* [Given data]
········
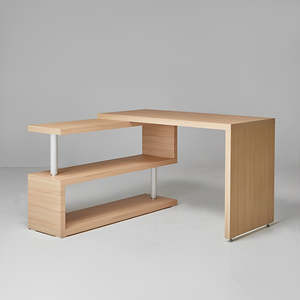 Office Furniture Nz: CORNELL Desk - Oak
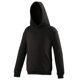 thumbnail image 1 of Awdis - Sudadera con capucha unisex para niños/niñas (Negro azabache) Awdis UTRW169_jetblack, 1 of 2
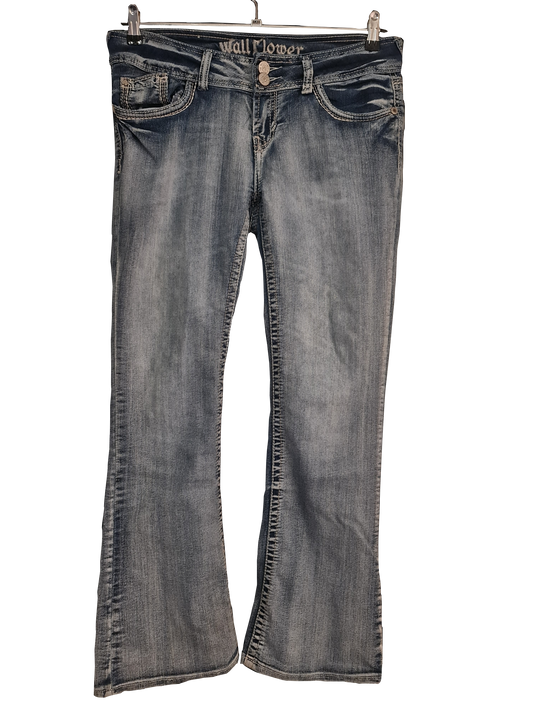 Wallflower Bootcut Jeans | W30 L30 | L | EU 44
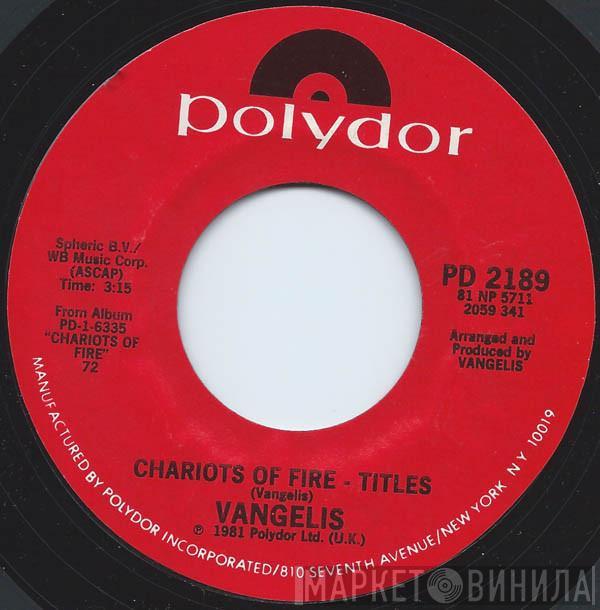  Vangelis  - Chariots Of Fire - Titles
········
* [Work order]
Only the lines from the one with "Wallflower Bootcut Jeans" through the end of the listing should be transcribed, exactly and without pictures.

* [Task output]
 Wallflower Bootcut Jeans | W30 L30 | L | EU 44
  Vangelis  - Chariots Of Fire - Titles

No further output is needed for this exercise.